### HOW TO COMPLETE THIS TASK
The required output is the exact run of lines below that opens at the line with "[m4m] Boyfriend Gently" and closes at the line with "Abreu Alexander &".

### DATA EXTRACTS
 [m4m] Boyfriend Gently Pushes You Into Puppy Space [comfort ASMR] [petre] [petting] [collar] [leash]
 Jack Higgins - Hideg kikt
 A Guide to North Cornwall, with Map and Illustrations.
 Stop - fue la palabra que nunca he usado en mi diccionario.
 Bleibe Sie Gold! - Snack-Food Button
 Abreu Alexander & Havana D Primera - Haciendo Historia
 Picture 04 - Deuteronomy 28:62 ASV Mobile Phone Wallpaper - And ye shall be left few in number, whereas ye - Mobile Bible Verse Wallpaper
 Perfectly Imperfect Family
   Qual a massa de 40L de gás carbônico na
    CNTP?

--

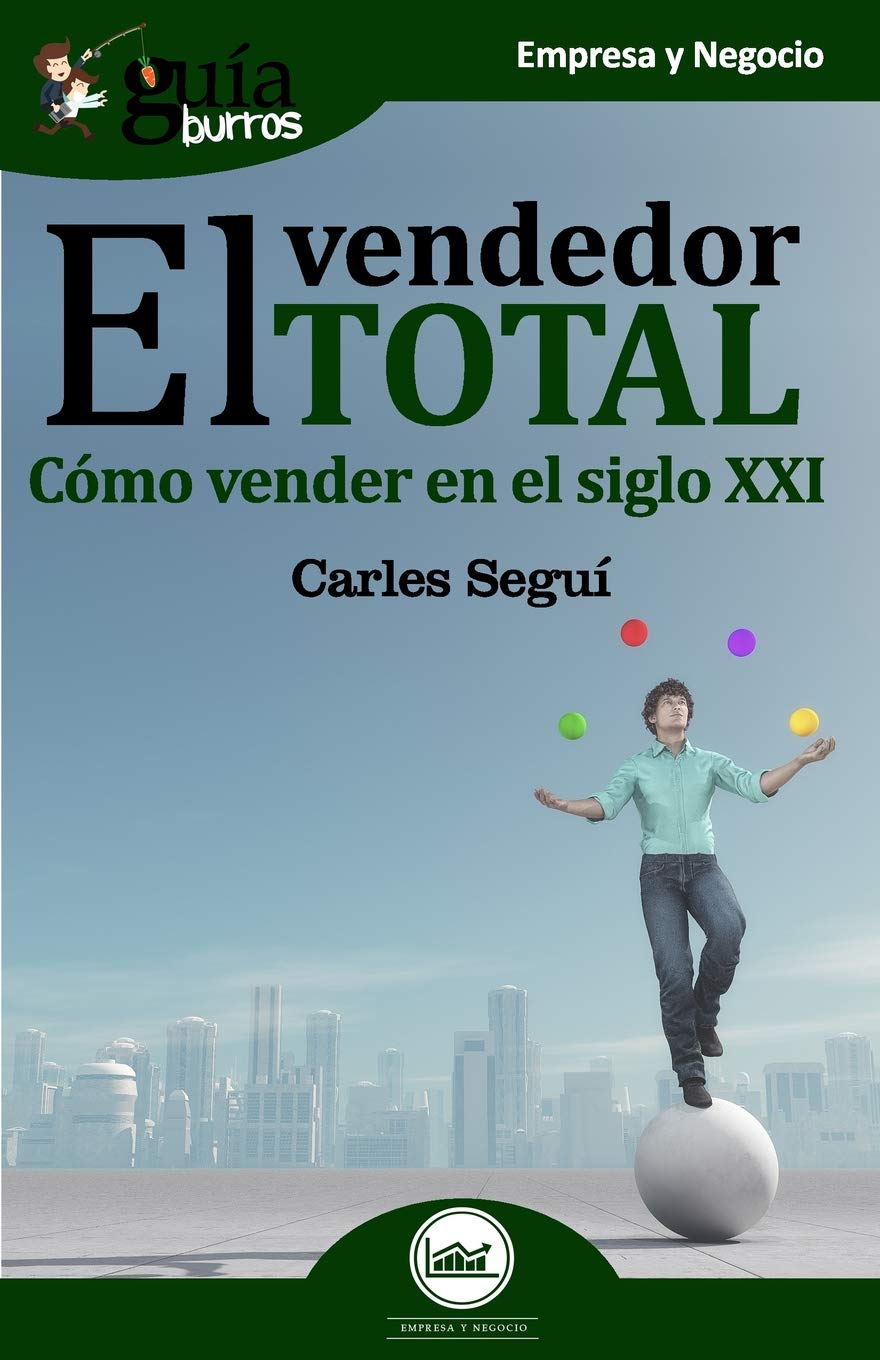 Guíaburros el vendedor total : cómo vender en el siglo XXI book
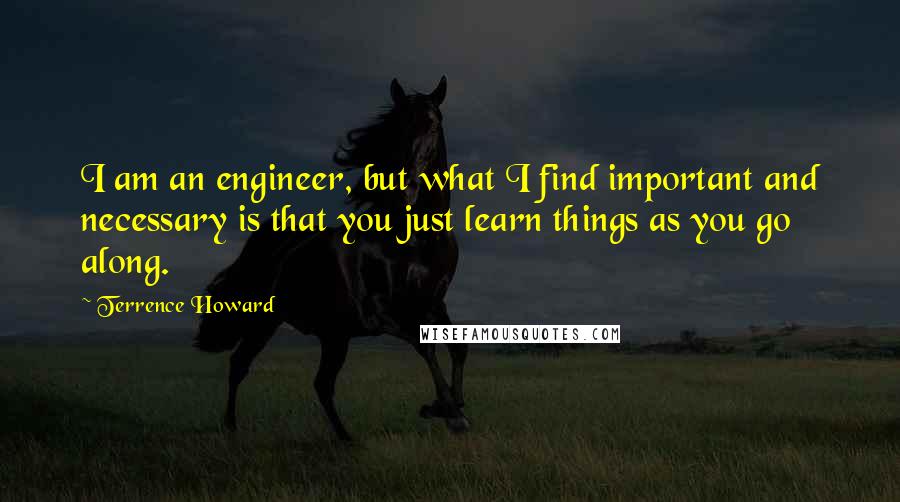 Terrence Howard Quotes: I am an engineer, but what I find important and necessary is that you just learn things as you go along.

### WORKED SOLUTION
 [m4m] Boyfriend Gently Pushes You Into Puppy Space [comfort ASMR] [petre] [petting] [collar] [leash]
 Jack Higgins - Hideg kikt
 A Guide to North Cornwall, with Map and Illustrations.
 Stop - fue la palabra que nunca he usado en mi diccionario.
 Bleibe Sie Gold! - Snack-Food Button
 Abreu Alexander & Havana D Primera - Haciendo Historia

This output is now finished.